# which processor family should I select?

## queen

I am installing now a new system with cpu ivy bridge  Intel(R) Core(TM) i7-3610QM CPU @ 2.30GHz

I am not sure which processor family should I select in the kernel. Core 2/newer Xeon or generic x86_64. 

More details about the cpu: 

```

processor       : 7

vendor_id       : GenuineIntel

cpu family      : 6

model           : 58

model name      : Intel(R) Core(TM) i7-3610QM CPU @ 2.30GHz

stepping        : 9

microcode       : 0x12

cpu MHz         : 2294.894

cache size      : 6144 KB

physical id     : 0

siblings        : 8

core id         : 3

cpu cores       : 4

apicid          : 7

initial apicid  : 7

fpu             : yes

fpu_exception   : yes

cpuid level     : 13

wp              : yes

flags           : fpu vme de pse tsc msr pae mce cx8 apic sep mtrr pge mca cmov pat pse36 clflush dts acpi mmx fxsr sse sse2 ss ht tm pbe syscall nx rdtscp lm constant_tsc arch_perfmon pebs bts rep_good nopl xtopology nonstop_tsc aperfmperf pni pclmulqdq dtes64 monitor ds_cpl vmx est tm2 ssse3 cx16 xtpr pdcm pcid sse4_1 sse4_2 x2apic popcnt tsc_deadline_timer aes xsave avx f16c rdrand lahf_lm ida arat epb xsaveopt pln pts dts tpr_shadow vnmi flexpriority ept vpid fsgsbase smep erms

bogomips        : 4589.78

clflush size    : 64

cache_alignment : 64

address sizes   : 36 bits physical, 48 bits virtual

power management:

```

----------

## Catanduva

I'm getting an i5 ivy bridge tomorrow. Same question here.

----------

## kimmie

You want core2 / newer Xeon

----------

## duderonomy

 *kimmie wrote:*   

> You want core2 / newer Xeon

 

Really?

I have tried both "Generic-x86-64" and "Core 2/newer Xeon".

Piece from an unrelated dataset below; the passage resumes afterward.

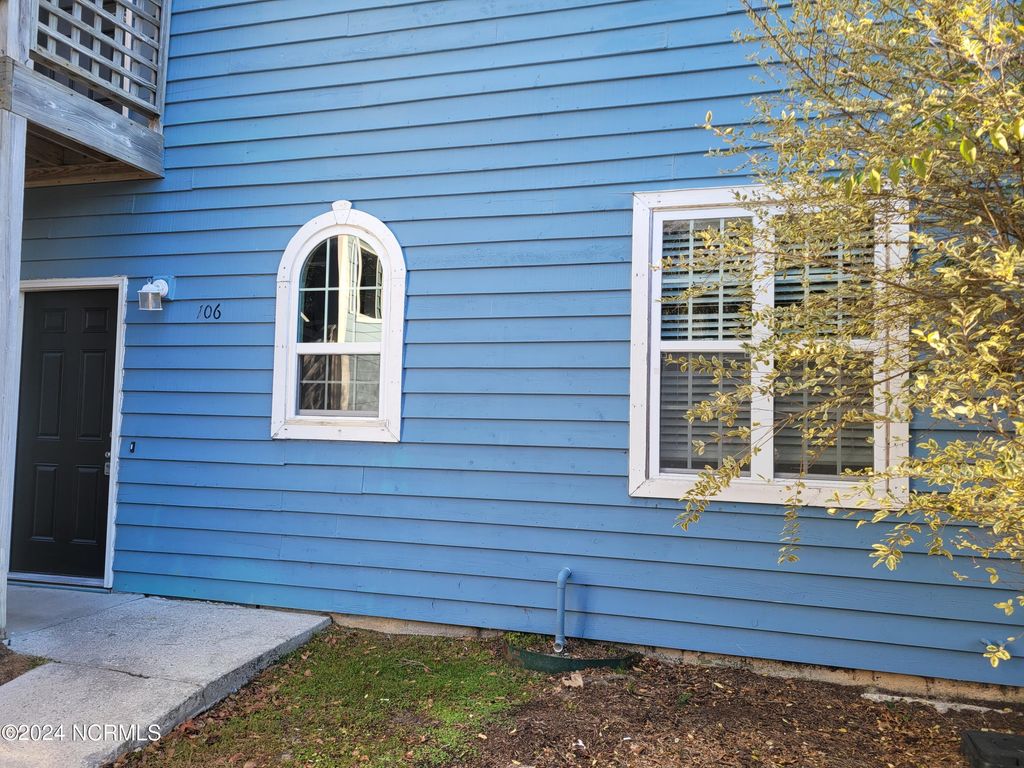 Photo of 4220 Wilshire Boulevard #106, Wilmington, NC 28403 (MLS # 100546926)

Apparently, either one works...

Where can I look the details why "Core 2/newer Xeon" is best?

I have not googled this yet. 

Thx

 :Very Happy: 

----------

## queen

 *kimmie wrote:*   

> You want core2 / newer Xeon

 

Yes, that's what I ended up selecting. I looked also in the help of the selection and it seemed better, but I don't have a more based reason. If you have a good reason, I will be glad to know.

I also checked safe cflags which gave some hints too. 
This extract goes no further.